Designing Education Experiences that Motivate, Engage and Endure

Michael Dennin, Vice Provost for Teaching and Learning and Dean, Division of Undergraduate Education, UC Irvine

Michael Dennin, Vice Provost for Teaching and Learning and Dean, Division of Undergraduate Education, UC Irvine

Drawing on experience as a youth coach, Michael emphasizes learning by doing and celebrating successes. He designs educational experiences that help students understand what works, providing clear goals, engagement activities and feedback. His approach combines active learning, iterative improvement and guidance to foster meaningful outcomes in undergraduate education.

Most of my key insights come from experiences as a youth coach. Two central elements of my approach are: (1) people learn by doing and (2) people need more feedback on what they are doing well than on what they are doing wrong. For the first one, college has always been designed for students to learn independently and in groups. The traditional lecture has been a small part of the learning effort. At its core, active learning is about teaching students how to do the work needed to learn. For the second one, mistakes are usually obvious because things do not “work out”. But when things fail, it is often not obvious what was “right” about the attempt. In order to learn from the failure, students need to know both the correct and incorrect actions, so informing them of what was correct is critical.

Unfortunately, there is no shortcut to understanding what improves outcomes. There is only the constant cycle of making incremental changes and evaluating changes in outcomes. For some changes, we already have good evidence of effectiveness. For others, we rely on lessons from past students to make educated guesses, but we still test the resulting outcomes. Part of the challenge is helping students to understand the connections between their actions and the outcomes they want. Sometimes, students seek “time-saving” approaches for skills that fundamentally take time to learn. In the end, there is no substitute for doing the work needed to learn.
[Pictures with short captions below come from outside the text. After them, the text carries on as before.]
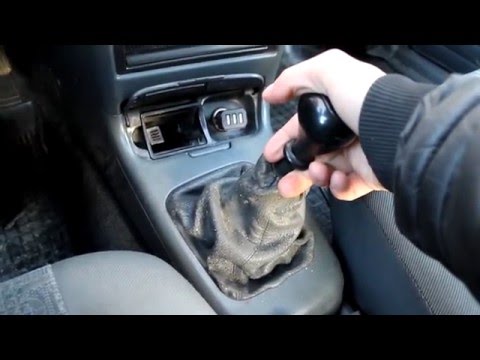 Как снять аккумулятор с машины видео Как снять аккумулятор с машины видео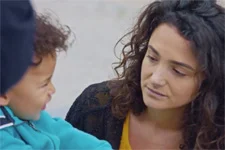 Plus belle la vie en avance : Interdiction de revoir Mathis pour Emma et Baptiste !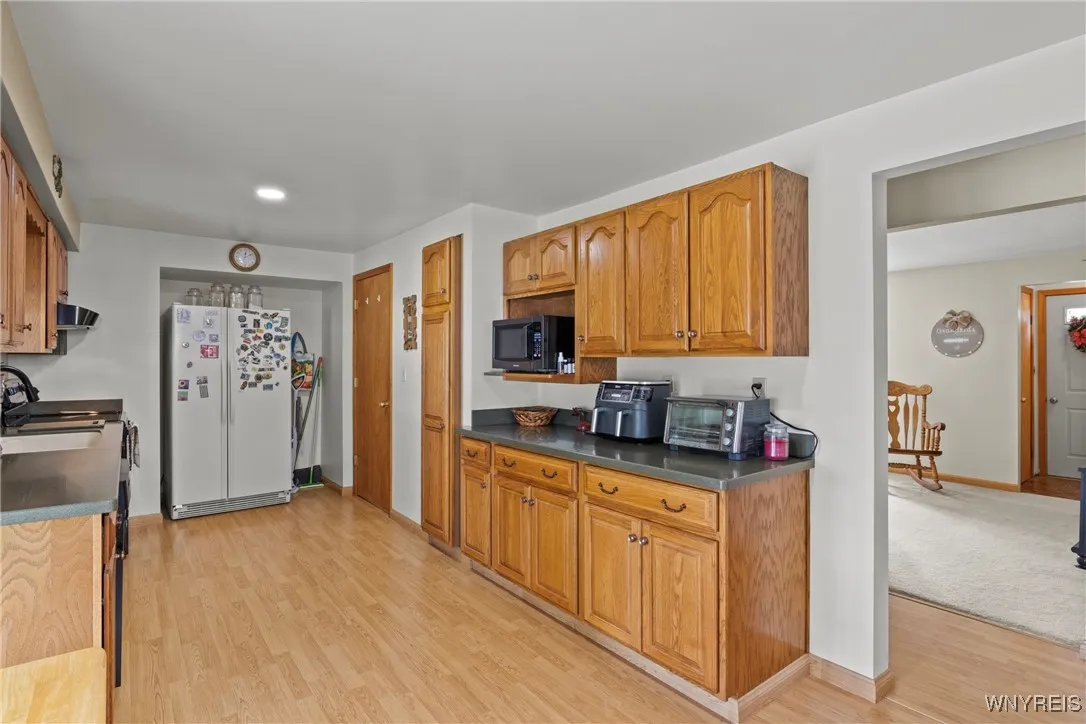 982 Pioneer Drive, North Tonawanda, New York 14120, North Tonawanda, New York 14120, 4 Bedrooms Bedrooms, 7 Rooms Rooms,1 BathroomBathrooms,Residential,For Sale,982 Pioneer Drive, North Tonawanda, New York 14120,B1621180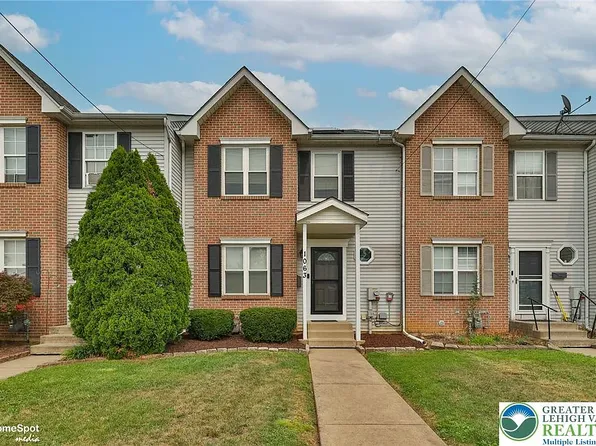 1063 Howertown Rd, Catasauqua, PA 18032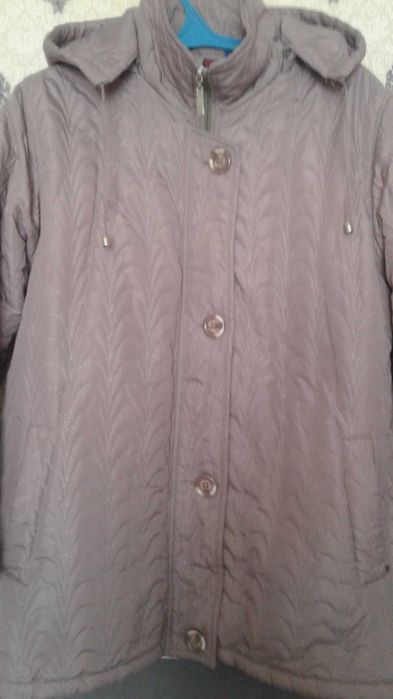 Женская демисезонная куртка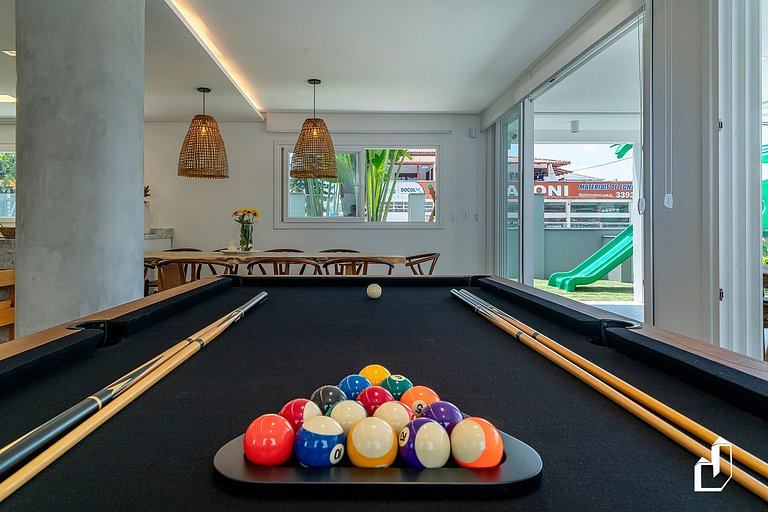 Casa com piscina, diversão e conforto em Canto Grande
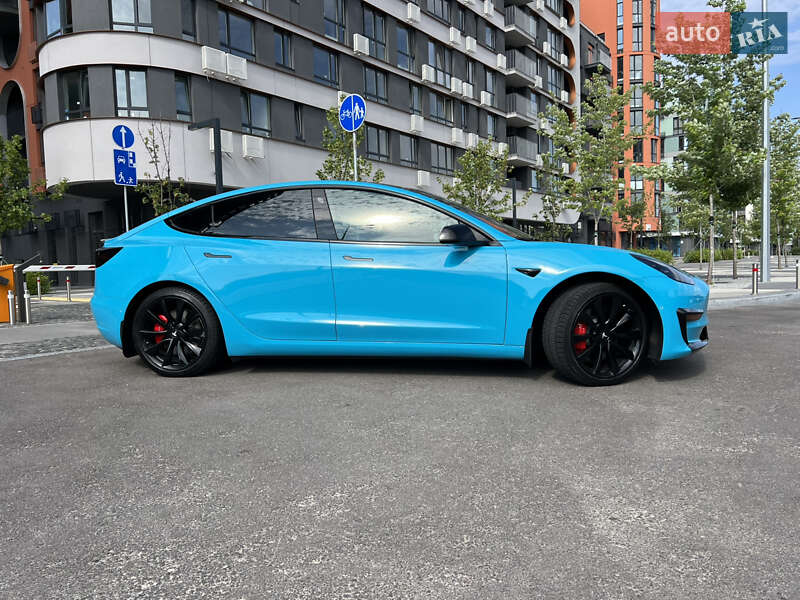 Седан Tesla Model 3 2019 в Києві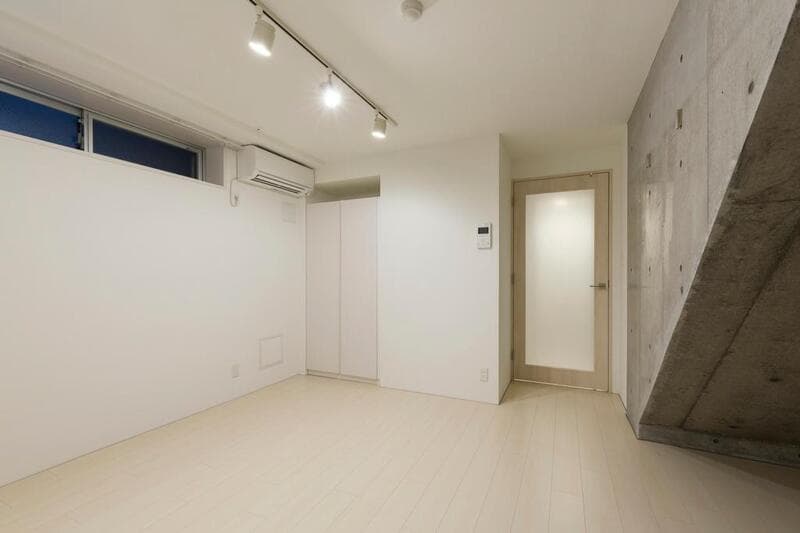 Room image 10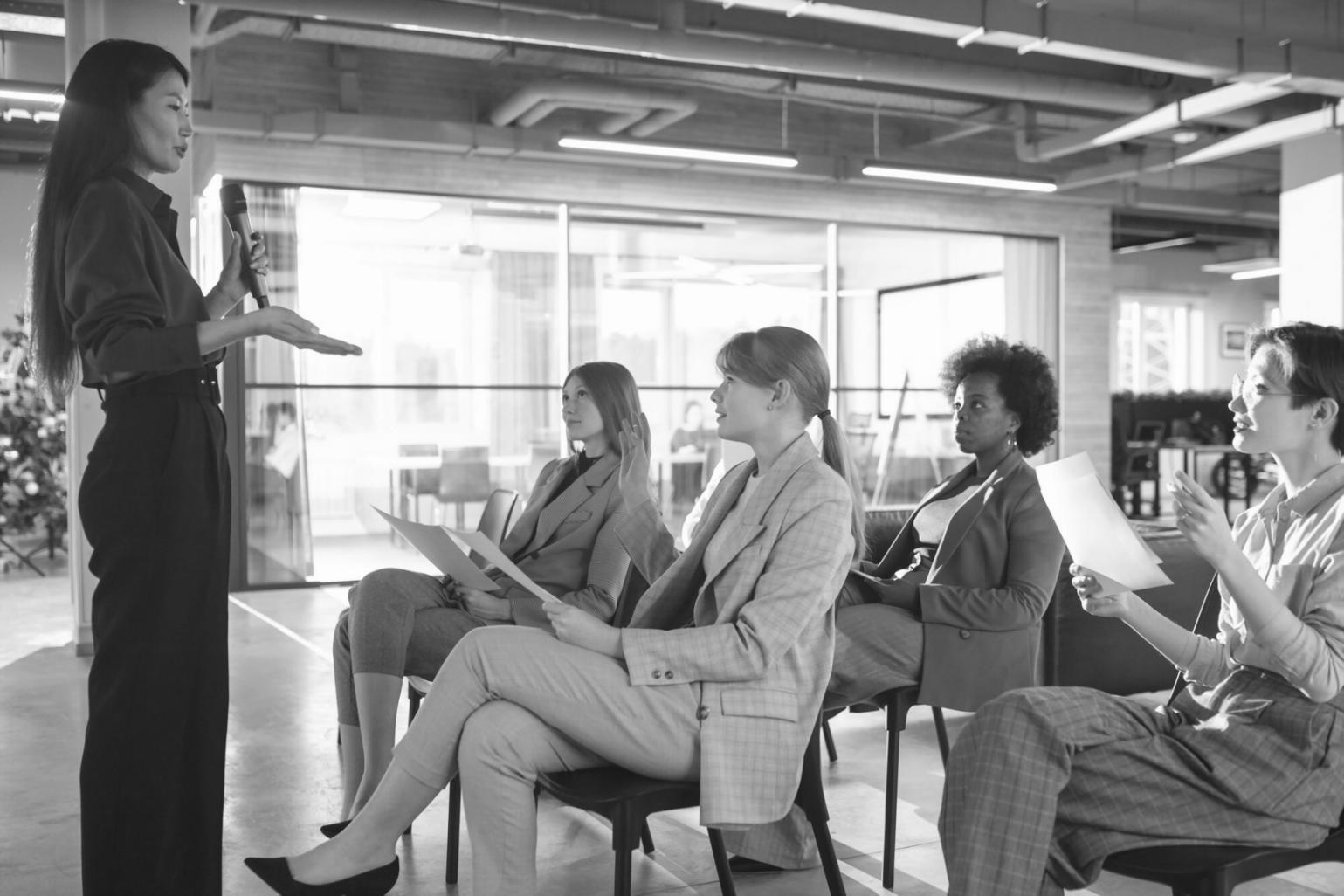 Consultoría financiera personalizada en oficina moderna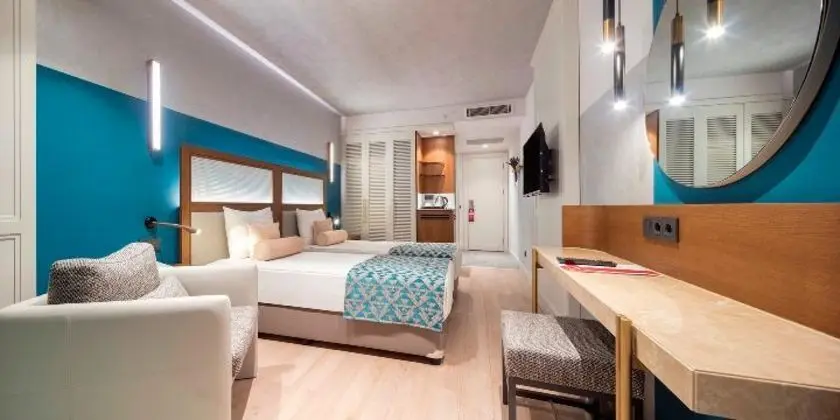 https://images.etstur.com/imgproxy/resize/2560x1440/files/images/hotelImages/etsrooms/1066/Trendy_Side_Beach__Adults_Only__16___20250917160121_5.jpg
This is where the lessons learned on the importance of diverse approaches come into play. Coordination and common goals matter, but the research shows that diversity improves outcomes and that applies to the academic experience as well. Supporting faculty in their innovative approaches and empowering them to reach their full creative potential is the best way to save money and improve policies.

Giving Faculty Space to Innovate and Lead

One of the most important lessons is to give people the room to be creative. Even if things do not work out, the attempt provides learning that helps move quickly to the next thing. It’s also important to remember that all technologies are tools. We must understand them, and then leverage them in the best way possible. At the end of the day, the role of instructors is to design an educational experience and then provide students with guidance through that experience. The experience needs to include clear articulation of the goals of what is to be learned and how each activity contributes to the goal, sources of information, opportunities for engagement and feedback on the activities. The internet and video technology has transformed how we deliver resources, information. Now, large language models are changing how feedback is provided to students. If used well, they can scale feedback and give students more of it.

I think the biggest challenge is helping faculty (instructors more broadly) understand their critical role in the education process. At its core, we are education experience designers and researchers. At our best, we understand what students need to learn, design experiences that optimize that learning, evaluate how well those experiences work and motivate students to engage in them. This is basically what coaches do. Even if the tools change, these central roles do not. The danger comes when we equate the experience we have previously designed, such as lectures, for the central element, when the core is the design of the experience.